O especialista pondera que, no recurso em exame, a controvérsia gira em torno do regime de bens aplicável, que era o da separação de bens, mas prevaleceu o regime da comunhão parcial para submissão à penhora em execução, exatamente por falta de registro do contrato e de sua ineficácia em relação ao credor.
“Com precisão, entendeu a turma julgadora que o recurso, com origem em embargos de terceiro movidos pela titular do bem penhorado, era ineficaz porque o contrato particular de mudança do regime de bens teve tardio registro, quando já havia sido determinada a penhora do bem titulado em nome da mulher embargante”, comenta Euclides.
Efeitos prospectivos
A decisão, acrescenta o advogado, embora não se refira propriamente à irretroatividade da alteração do regime de bens, prevê que os efeitos dessa alteração são somente “prospectivos” e sua oponibilidade em relação a direitos de outrem exige a publicidade inerente ao registro. “Não se especifica a forma desse registro, mas é admissível que se faça no cartório de títulos e documentos, como também no registro civil e no registro imobiliário da situação do bem a ser resguardado.”

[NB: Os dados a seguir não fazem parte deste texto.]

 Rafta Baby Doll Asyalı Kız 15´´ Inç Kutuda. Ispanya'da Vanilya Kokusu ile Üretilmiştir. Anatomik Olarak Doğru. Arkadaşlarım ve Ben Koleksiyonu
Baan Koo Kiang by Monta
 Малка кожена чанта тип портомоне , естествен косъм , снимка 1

“Foram citadas em suporte ao julgado as lições dos eminentes autores e dirigentes do IBDFAM, Flávio Tartuce e Rolf Madaleno, ressaltando a necessidade de publicização do regime de bens, via registro, a fim de resguardar os direitos de terceiros que não tiveram ciência da contratação feita na união estável”, pontua.
Segundo Euclides, é o que também acontece na alteração do regime de bens no casamento, com previsão no artigo 1.639, § 2º, do Código Civil, que depende de processo para autorização judicial, com expressa ressalva dos direitos de terceiros.

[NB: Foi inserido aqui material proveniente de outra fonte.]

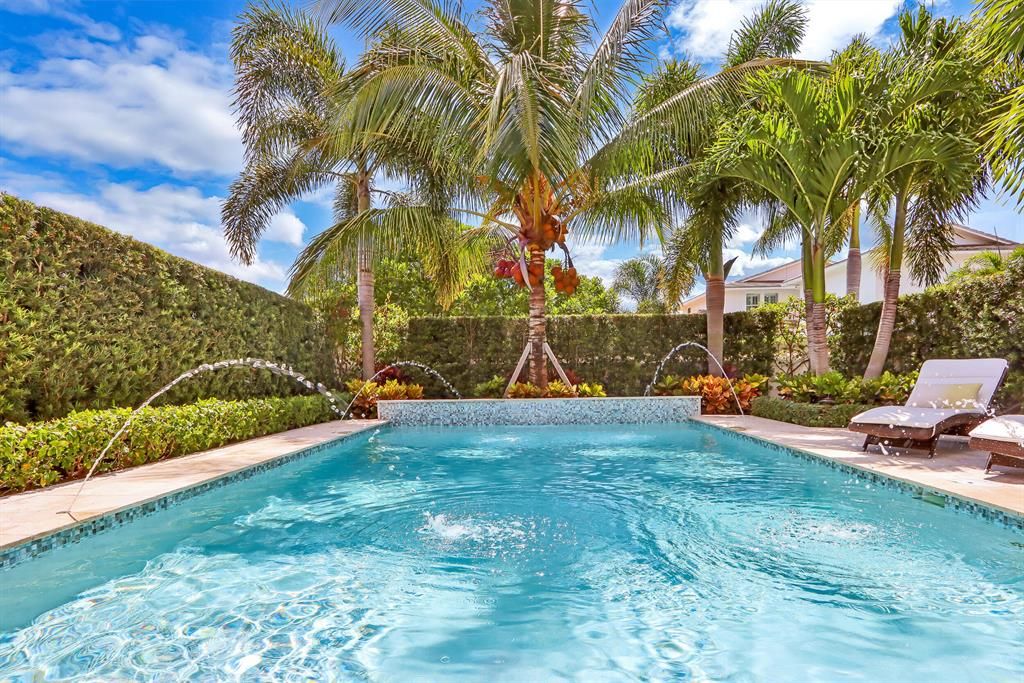 Photo of 2827 Sunbury Drive Dr, Jupiter, FL 33458 (MLS # R10825619)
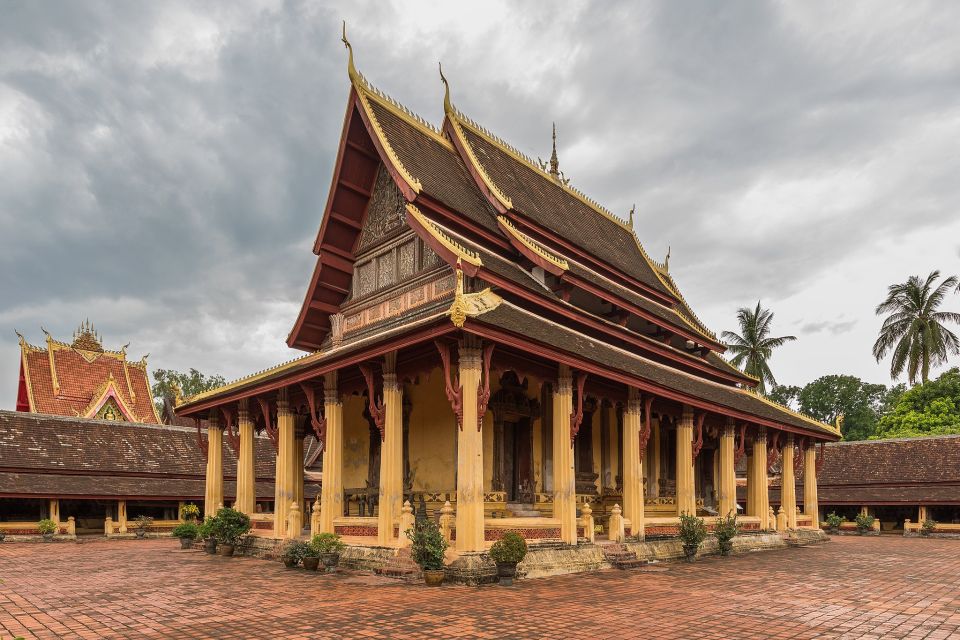 Vientiane: Private Full-Day Tour with Buddha Park and Lunch - Guide quality and the value of a private group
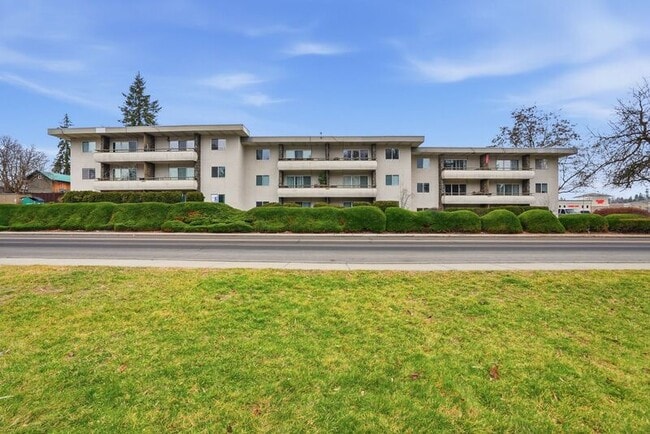 Building Photo - 3102 E 27th Ave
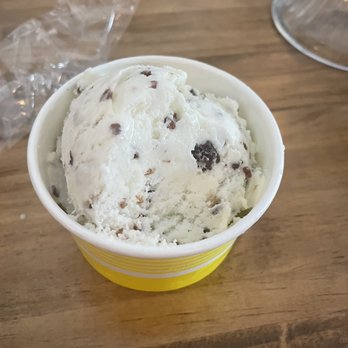 Maynard’s Ice cream & Cafe - Toasted coconut ice cream - Donuts Near Me - Port Royal, South Carolina Maynard’s Ice cream & Cafe - Toasted coconut ice cream - Donuts Near Me - Port Royal, South Carolina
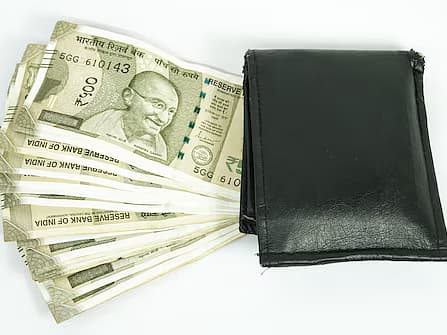 சம்பளம் - பணம்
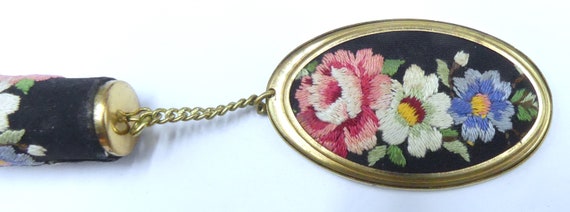 Vintage 40's gold tone w hand embroidered flower … - image 10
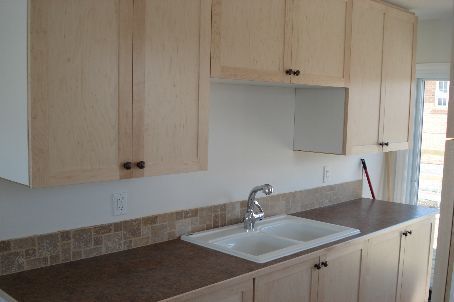 67 Bingham St, Bradford West Gwillimbury, L3Z1X3 | Image 2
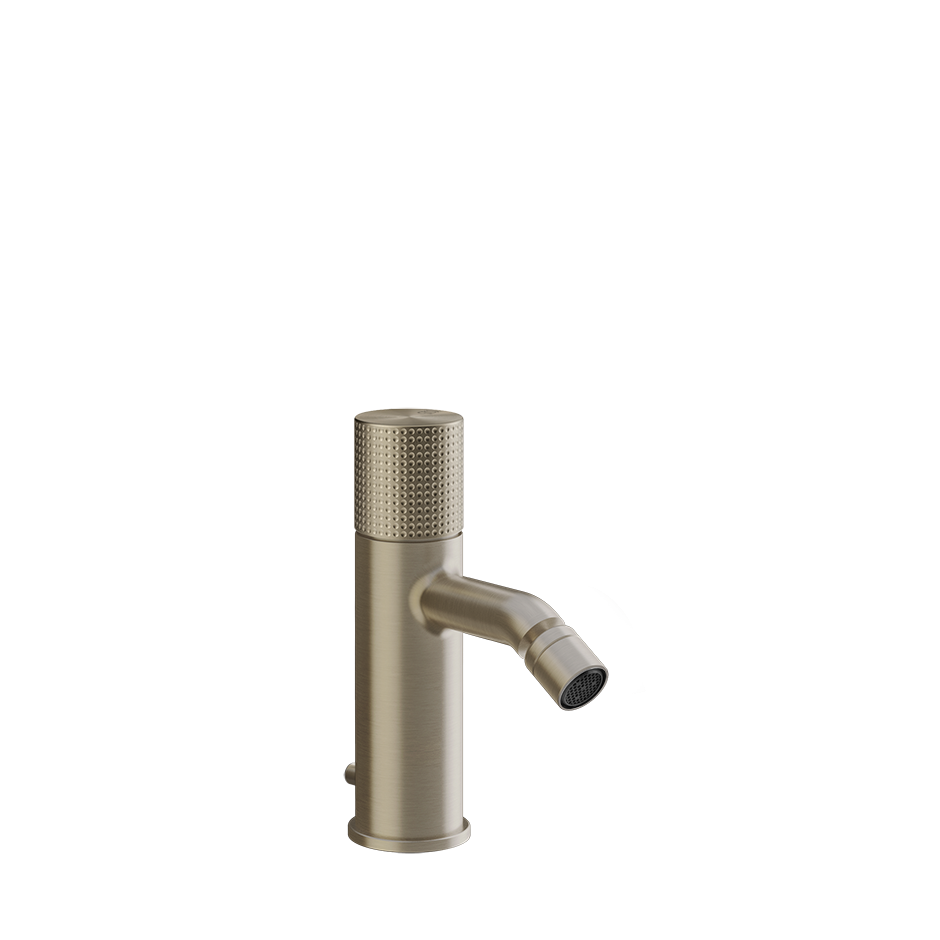 Gessi Cesello Miscelatore bidet con scarico brushed brass in pvd, vista frontale della maniglia e della bocca di erogazione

“A interpretação firmada no acórdão do STJ tem pontos de convergência com os casos de fraude à execução previstos no artigo 792 do Código de Processo Civil. O objetivo é o mesmo: evitar danos a terceiros interessados”, destaca o especialista.
O advogado ressalta a importância do julgado na planificação jurisprudencial dos direitos patrimoniais entre companheiros, "que se viram faceados aos dos cônjuges desde a histórica decisão do Supremo Tribunal Federal – STF no RE 878.694-MG, que julgou inconstitucional o art. 1.790 do Código Civil, mandando aplicar a uns e outros, seja qual for a modalidade da entidade familiar, iguais ditames tanto na esfera do direito das sucessões como na órbita do direito de família. E por que não, também, na eleição dos regimes de bens e dos seus efeitos jurídicos em face de terceiros, seja qual for a espécie de entidade familiar?”